Java线程同步的Monitor机制(Lock配合Condition)
Monitor模式是一种常见的并行开发机制, 一个Monitor实例可以被多个线程安全使用, 所有的monitor下面的方法在运行时是互斥的, 这种互斥机制机制可以用于一些特性, 例如让线程等待某种条件, 在等待时线程会将CPU时间交出去, 但是在条件满足时确保重新获得CPU时间. 在条件达成时, 你可以同时通知一个或多个线程. 这样做有以下的优点:
- 所有的同步代码都集中在一起, 用户不需要知道这是如何实现的
- 代码不依赖于线程数量, 线程数量只取决于业务需要
- 不需要对某个互斥对象做释放, 不存在忘记的风险
一个Monitor的结构是这样的
public class SimpleMonitor {
public method void testA(){
//Some code
}
public method int testB(){
return 1;
}
}
使用Java代码不能直接创建一个Monitor, 要实现Monitor, 需要使用Lock和Condition类. 一般使用的Lock是ReentrantLock, 例如
public class SimpleMonitor {
private final Lock lock = new ReentrantLock();
public void testA() {
lock.lock();
try {
//Some code
} finally {
lock.unlock();
}
}
public int testB() {
lock.lock();
try {
return 1;
} finally {
lock.unlock();
}
}
}
如果不需要判断条件, 那么用synchronized就可以了. 在需要判断条件的情况下, 使用Lock的newCondition()方法创建Condition, 可以通过Condition的await方法, 让当前线程wait, 放弃cpu时间. 然后用signal或者signalAll方法让线程重新获得CPU时间. signalAll方法会唤起所有wait在当前condition的线程. 下面是一个例子, 一个需要被多个线程使用的容量固定的buffer.

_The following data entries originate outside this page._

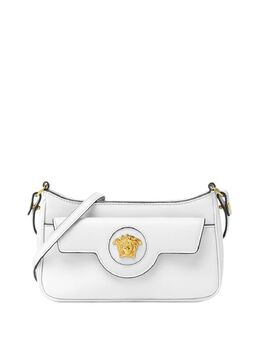 Versace: Белая сумка  La Medusa Mini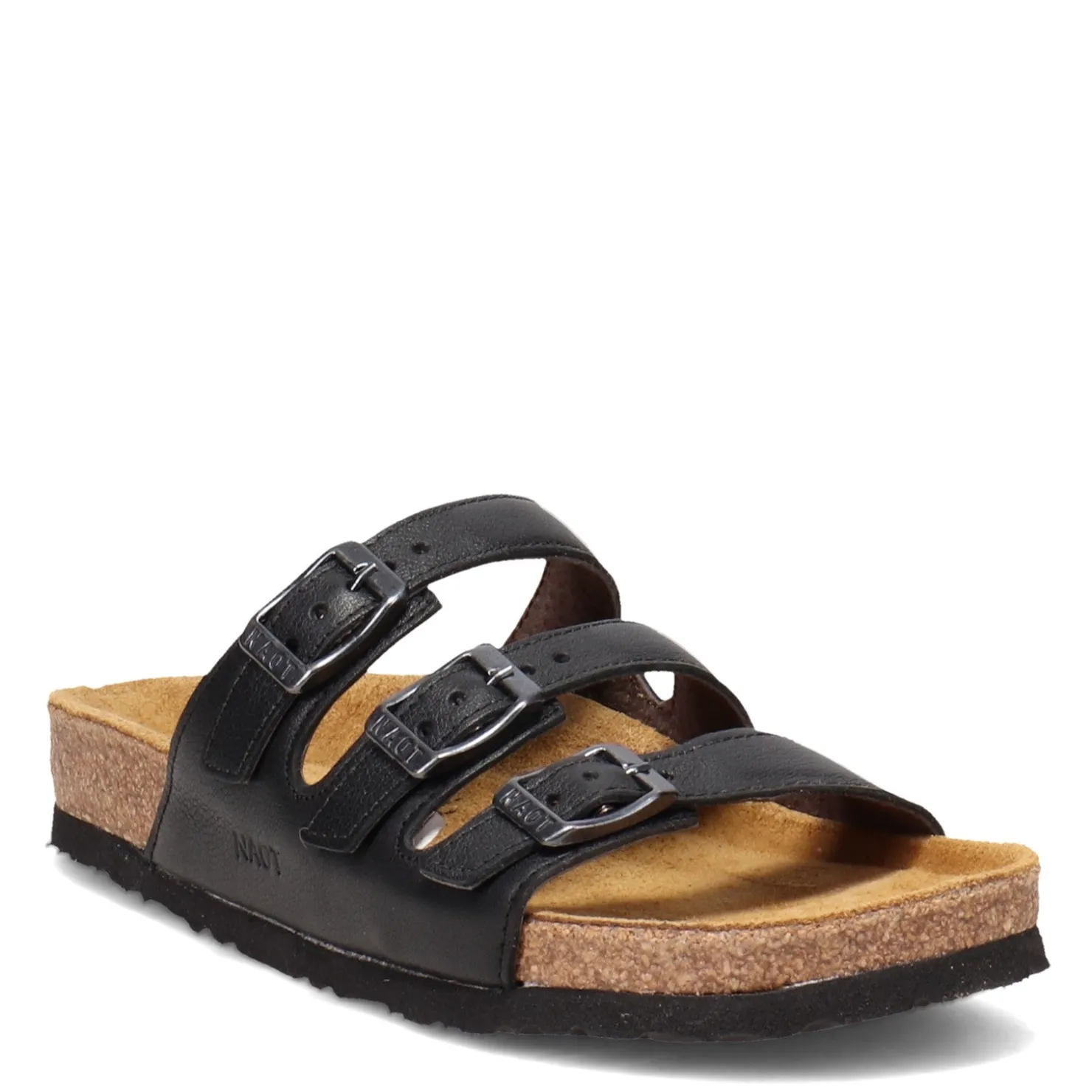 Footbed Sandals*Naot Women's , Austin Sandal Soft Black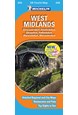 UK Tourist Map blad 606: West Midlands 1:400.000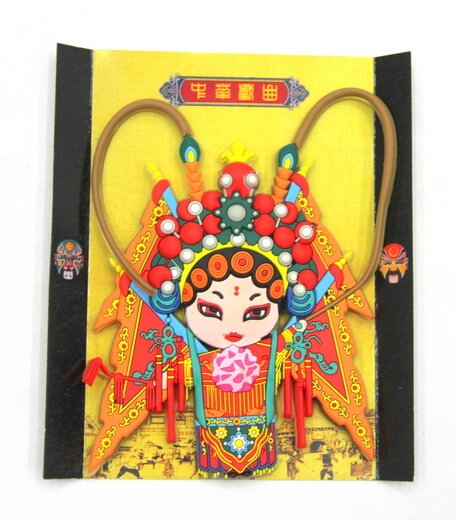 Silicone/Rubber Chinese Culture Character Peking Opera, Mu gui ying (穆桂英)  #02016-006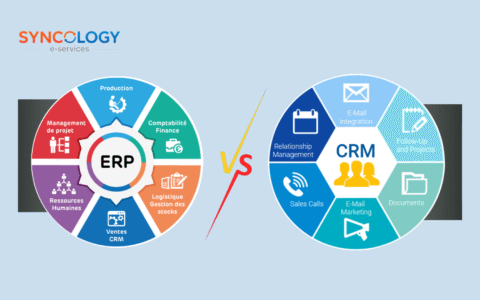 مقارنة مرئية بين نظامي ERP أو CRM للمدارس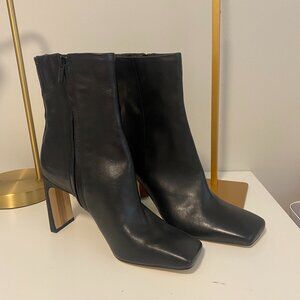 Sam Edelman Black Ankle Boots Sz 8.5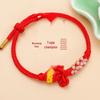 Five-Color Wenchang Graduation Koi Red Rope Bracelet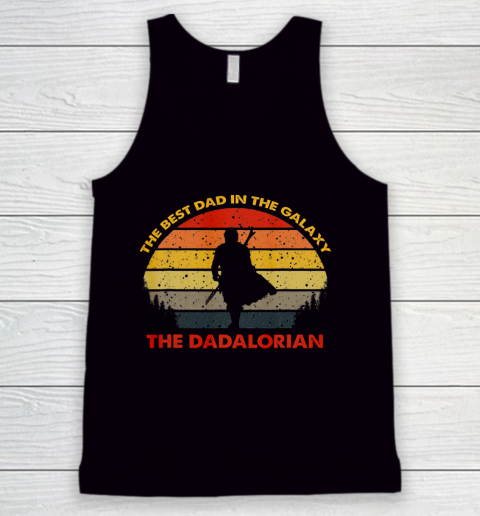 Retro The Dadalorian Graphic Father s Day Tees Vintage Best Tank Top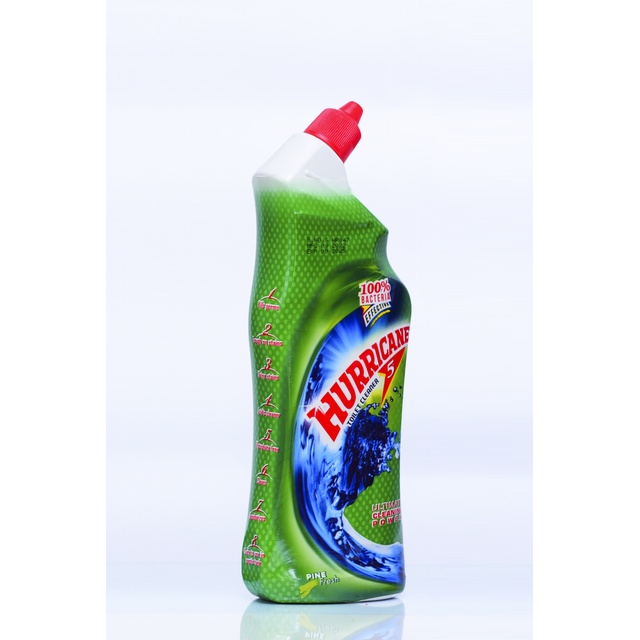 Hurricane Pine Fresh Toilet Cleaner 1Ltr
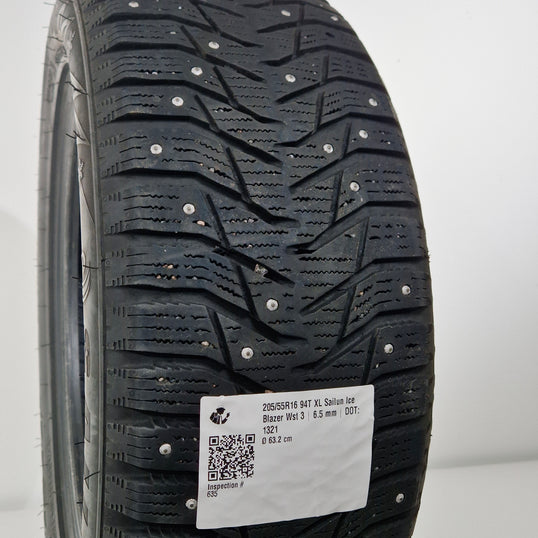 Käytetty: 205/55R16 94T XL Sailun Ice Blazer Wst 3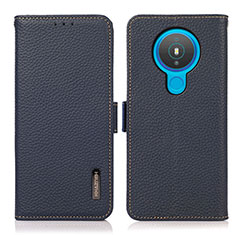 Funda de Cuero Cartera con Soporte Carcasa B03H para Nokia 1.4 Azul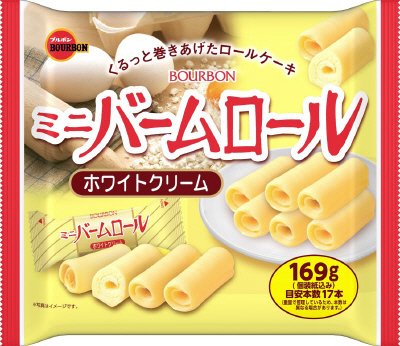 １６９ｇミニバームロールホワイトクリーム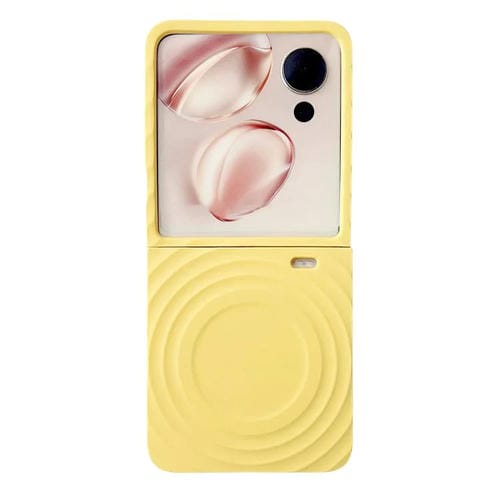 Funda para teléfono de PC con textura ondulada y MagSafe para Honor V (amarilla)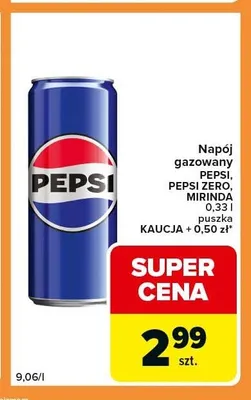 Napój gazowany Pepsi promocja w Carrefour Express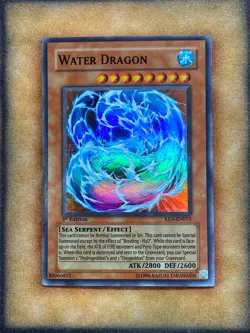 Yugioh Water Dragon EEN-EN015 Super Rare 1st Ed SILVER EYE UDE PRINT NM - Image 1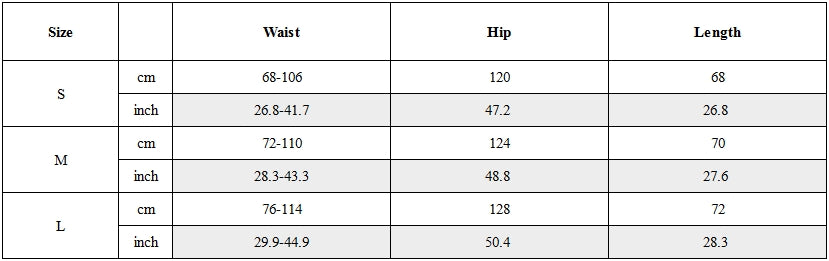 Size Guide for Dirty Fit Layered Frayed Knee Shorts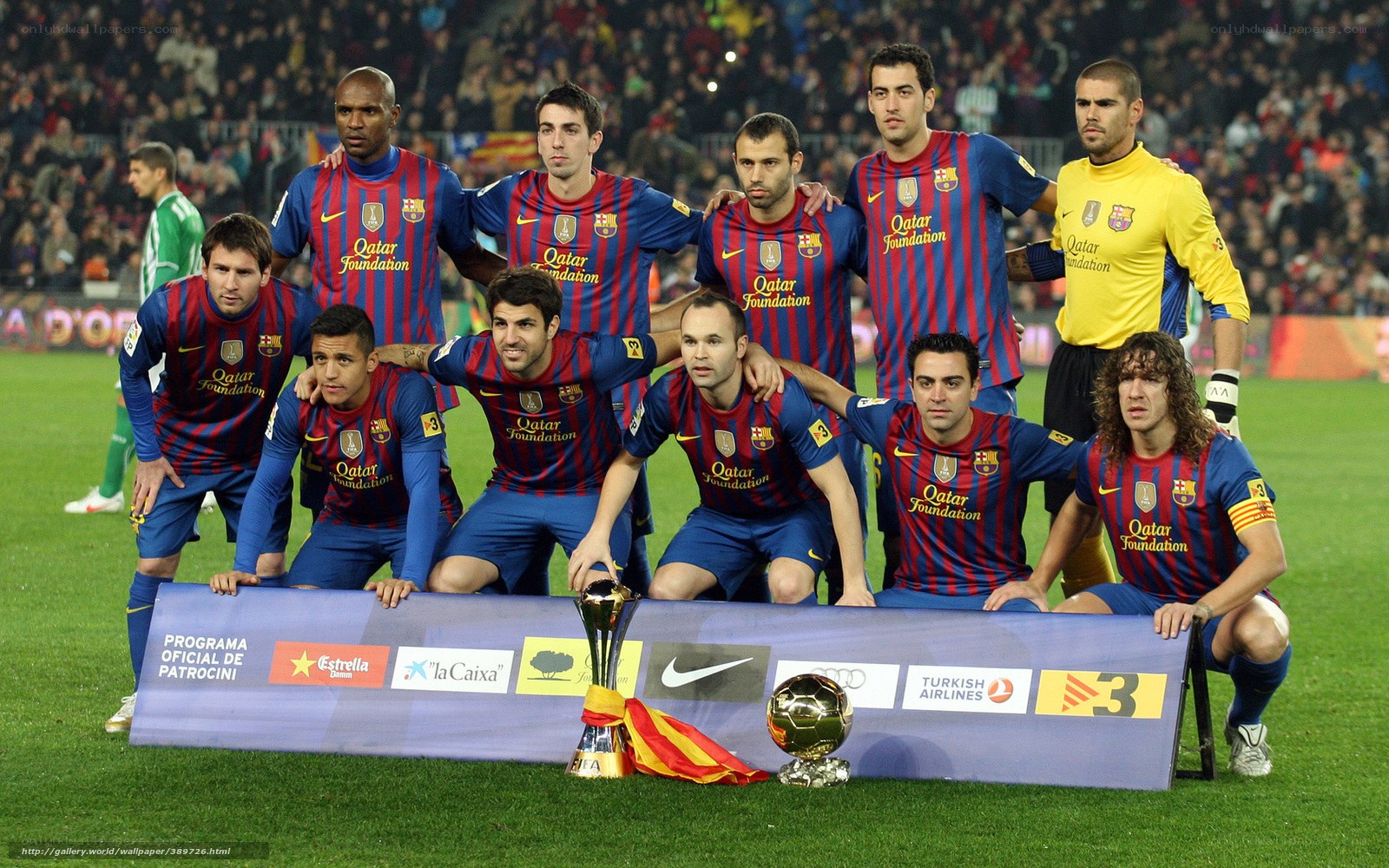 Barcelona FC team photo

import java.util.concurrent.locks.Condition;
import java.util.concurrent.locks.Lock;
import java.util.concurrent.locks.ReentrantLock;
public class BoundedBuffer {
private final String[] buffer;
private final int capacity;
private int front;
private int rear;
private int count;
private final Lock lock = new ReentrantLock();
private final Condition notFull = lock.newCondition();
private final Condition notEmpty = lock.newCondition();
public BoundedBuffer(int capacity) {
super();
this.capacity = capacity;
buffer = new String[capacity];
}
public void deposit(String data) throws InterruptedException {
lock.lock();
try {
while (count == capacity) {
notFull.await();
}
buffer[rear] = data;
rear = (rear + 1) % capacity;
count++;
notEmpty.signal();
} finally {
lock.unlock();
}
}
public String fetch() throws InterruptedException {
lock.lock();
try {
while (count == 0) {
notEmpty.await();
}
String result = buffer[front];
front = (front + 1) % capacity;
count--;
notFull.signal();
return result;
} finally {
lock.unlock();
}
}
}
代码说明
- 这两个方法通过lock互斥
- 然后通过两个condition变量, 一个用于在buffer非空时等待, 一个用于buffer未满时等待
- 上面使用while循环将await包围, 这是为了防止在使用Signal&Condition时产生signal stealers问题.
- 以上方法可以安全地在多个线程中被调用
还有一个例子, 用于协调多个线程按固定顺序进行输出
public class TestSequentialThreads {
private final Lock lock = new ReentrantLock();
private final Condition[] conditions = {lock.newCondition(), lock.newCondition(), lock.newCondition()};
private int count = 0;
public void action(int i) {
while (true) {
print(i + " wait lock");
lock.lock();
print(i + " has lock");
try {
while (count != i) {
print(i + " await");
conditions[i].await();
}
print("===== " + i + " =====");
Thread.sleep(500);
count = (count + 1) % 3;
int j = (i + 1) % 3;
print(i + " signal " + j);
conditions[j].signal();
} catch (InterruptedException e) {
print(i + " InterruptedException");
} finally {
print(i + " unlock");
lock.unlock();
}
}
}
public static void main(String[] args) {
TestSequentialThreads ts = new TestSequentialThreads();
new Thread(()->ts.action(0)).start();
new Thread(()->ts.action(2)).start();
new Thread(()->ts.action(1)).start();
new Thread(()->ts.action(1)).start();
new Thread(()->ts.action(0)).start();
new Thread(()->ts.action(2)).start();
}
public static void print(String str) {
System.out.println(str);
}
}
如果是使用wait()和notify()的话, 就要写成这样, 这种情况下, 运行时notify()随机通知的线程, 是有可能不满足而跳过的.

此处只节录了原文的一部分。